The Anabolic Response to Protein Ingestion During Recovery From Exercise Has No Upper Limit in Magnitude and Duration In Vivo in Humans: A Commentary
Oliver C. Witard and Samuel Mettler
A comprehensive recent study by Trommelen et al. demonstrated that muscle tissue exhibits a greater capacity to incorporate exogenous exogenous protein-derived amino acids into bound muscle protein than was previously appreciated, at least when measured in “anabolically sensitive,” recreationally active (but not resistance-trained), young men following resistance exercise.
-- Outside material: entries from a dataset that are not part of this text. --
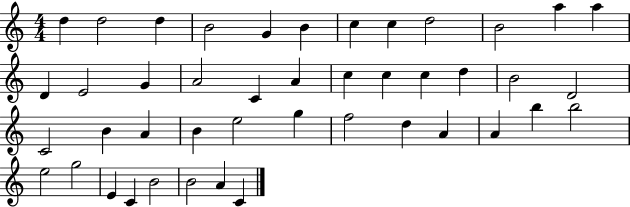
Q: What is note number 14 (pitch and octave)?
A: E4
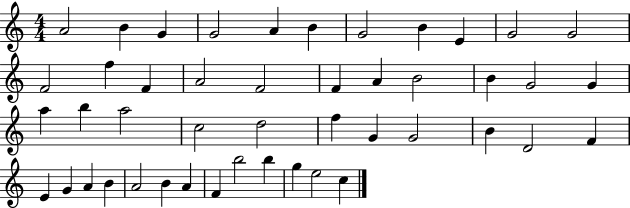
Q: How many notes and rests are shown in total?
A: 46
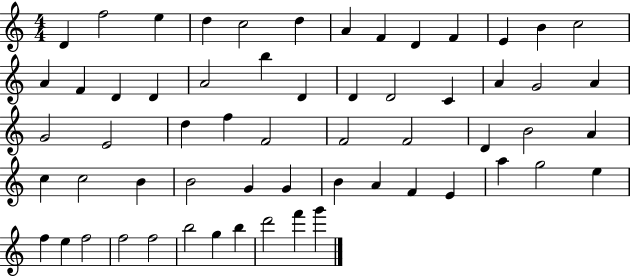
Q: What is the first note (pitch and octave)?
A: D4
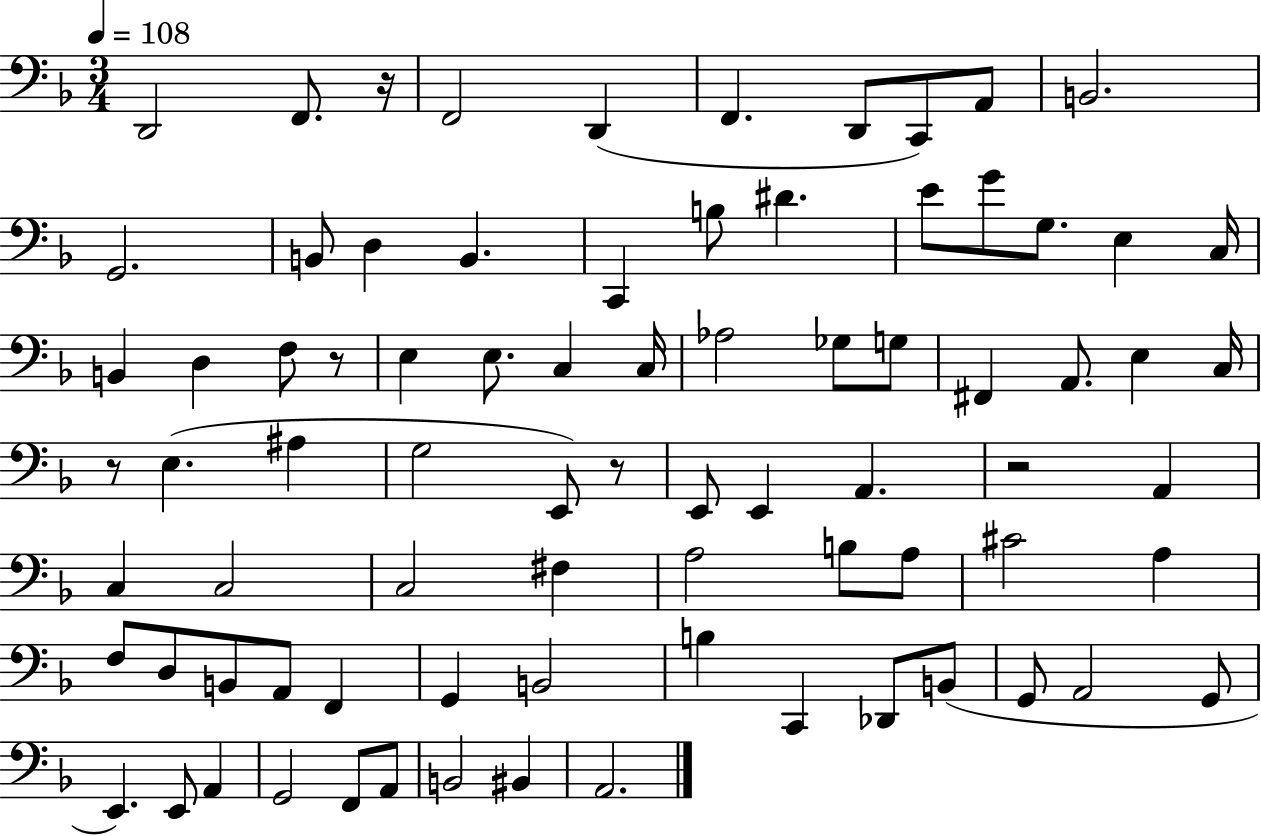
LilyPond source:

{
  \clef bass
  \numericTimeSignature
  \time 3/4
  \key f \major
  \tempo 4 = 108
  \repeat volta 2 { d,2 f,8. r16 | f,2 d,4( | f,4. d,8 c,8) a,8 | b,2. | \break g,2. | b,8 d4 b,4. | c,4 b8 dis'4. | e'8 g'8 g8. e4 c16 | \break b,4 d4 f8 r8 | e4 e8. c4 c16 | aes2 ges8 g8 | fis,4 a,8. e4 c16 | \break r8 e4.( ais4 | g2 e,8) r8 | e,8 e,4 a,4. | r2 a,4 | \break c4 c2 | c2 fis4 | a2 b8 a8 | cis'2 a4 | \break f8 d8 b,8 a,8 f,4 | g,4 b,2 | b4 c,4 des,8 b,8( | g,8 a,2 g,8 | \break e,4.) e,8 a,4 | g,2 f,8 a,8 | b,2 bis,4 | a,2. | \break } \bar "|."
}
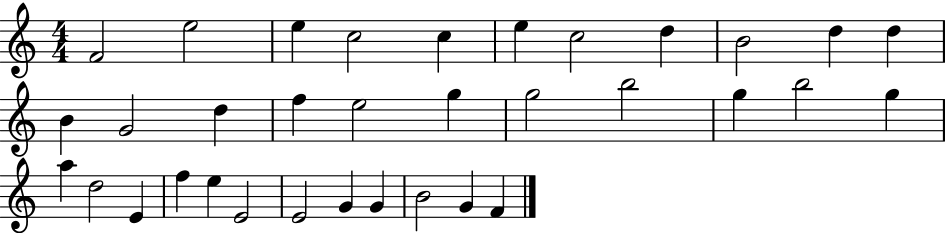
{
  \clef treble
  \numericTimeSignature
  \time 4/4
  \key c \major
  f'2 e''2 | e''4 c''2 c''4 | e''4 c''2 d''4 | b'2 d''4 d''4 | \break b'4 g'2 d''4 | f''4 e''2 g''4 | g''2 b''2 | g''4 b''2 g''4 | \break a''4 d''2 e'4 | f''4 e''4 e'2 | e'2 g'4 g'4 | b'2 g'4 f'4 | \break \bar "|."
}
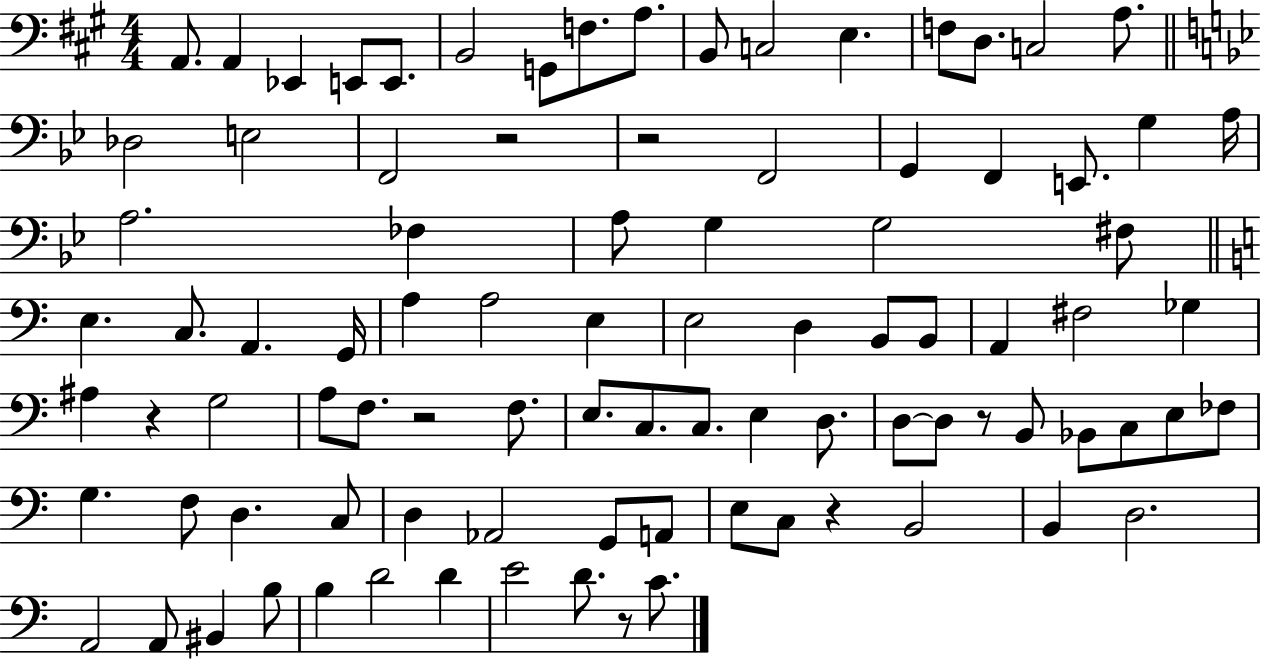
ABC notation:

X:1
T:Untitled
M:4/4
L:1/4
K:A
A,,/2 A,, _E,, E,,/2 E,,/2 B,,2 G,,/2 F,/2 A,/2 B,,/2 C,2 E, F,/2 D,/2 C,2 A,/2 _D,2 E,2 F,,2 z2 z2 F,,2 G,, F,, E,,/2 G, A,/4 A,2 _F, A,/2 G, G,2 ^F,/2 E, C,/2 A,, G,,/4 A, A,2 E, E,2 D, B,,/2 B,,/2 A,, ^F,2 _G, ^A, z G,2 A,/2 F,/2 z2 F,/2 E,/2 C,/2 C,/2 E, D,/2 D,/2 D,/2 z/2 B,,/2 _B,,/2 C,/2 E,/2 _F,/2 G, F,/2 D, C,/2 D, _A,,2 G,,/2 A,,/2 E,/2 C,/2 z B,,2 B,, D,2 A,,2 A,,/2 ^B,, B,/2 B, D2 D E2 D/2 z/2 C/2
Moreover, this study demonstrated that the duration of the postprandial period is modulated by the dose of ingested protein contained within a meal, that is, the postexercise muscle protein synthesis response to protein ingestion was more prolonged in 100PRO than 25PRO. Both observations represent important scientific advances in the field of protein metabolism. However, we respectfully caution that the practical implications of these findings may have been misinterpreted, at least in terms of dismissing the concept of protein meal distribution as an important factor in optimizing muscle tissue anabolism and/or metabolic health. Moreover, based on emerging evidence, this idea that the anabolic response to protein ingestion has no upper limit does not appear to translate to resistance-trained young women.